*** Opening RECORDS SUPPLIED ***
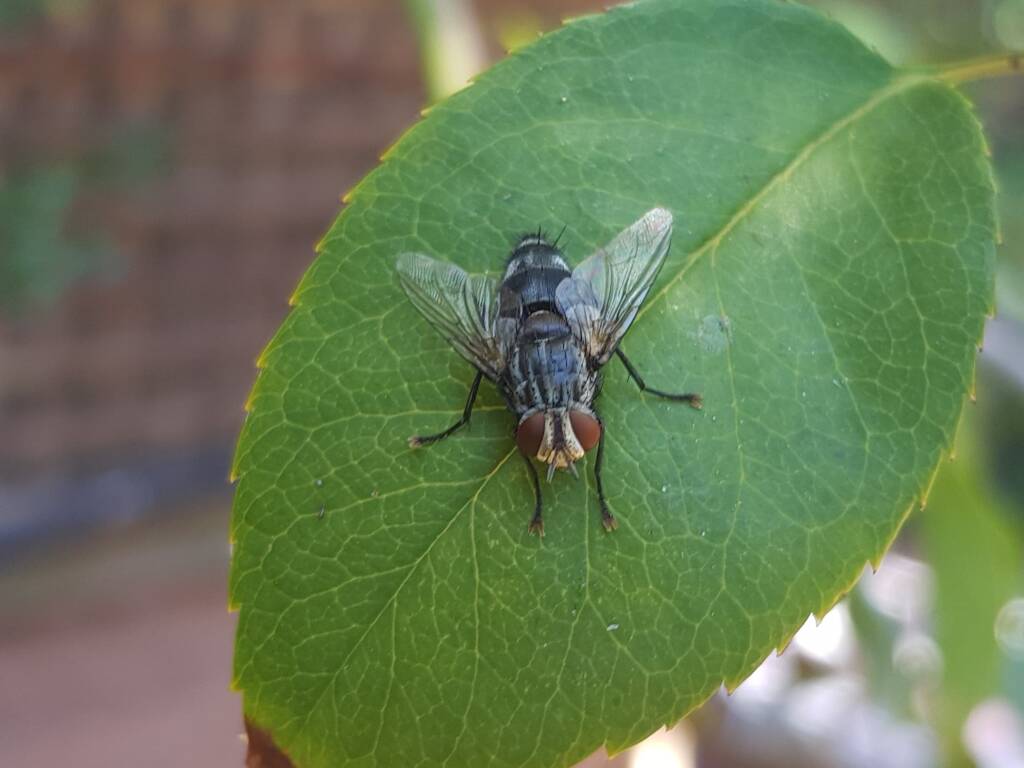 Exorista (fly, Diptera), Alice Springs NT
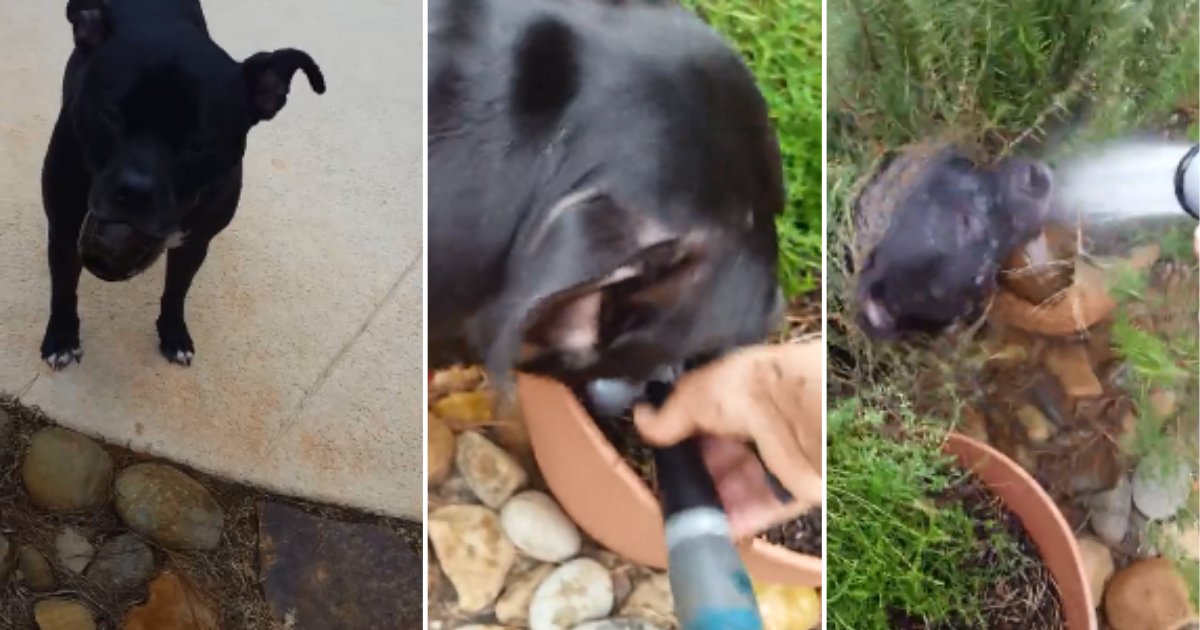 2 82.png?resize=412,275 - An Adorable Pup Cannot Get Enough of The Water Hose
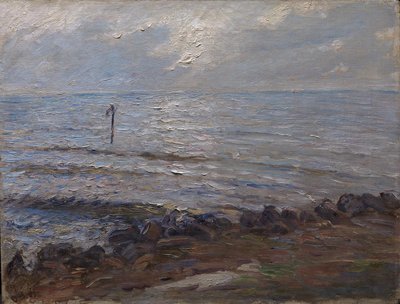 Luce del sole sul mare da Oscar Björck
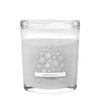 Sparkling Birch 8 oz. Oval Jar Colonial Candle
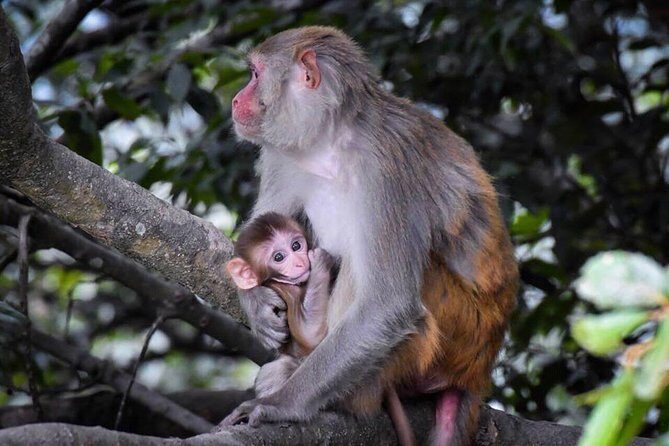 Jeep Safari in Nagarjun forest at Kathmandu - Final Thoughts: Who is This Tour For?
*** Closing RECORDS SUPPLIED ***
WORK REQUEST — Set down each of the records precisely, leaving any pictures behind.

COMPLETED EXERCISE —
 Exorista (fly, Diptera), Alice Springs NT
 2 82.png?resize=412,275 - An Adorable Pup Cannot Get Enough of The Water Hose
 Luce del sole sul mare da Oscar Björck
 Sparkling Birch 8 oz. Oval Jar Colonial Candle
 Jeep Safari in Nagarjun forest at Kathmandu - Final Thoughts: Who is This Tour For?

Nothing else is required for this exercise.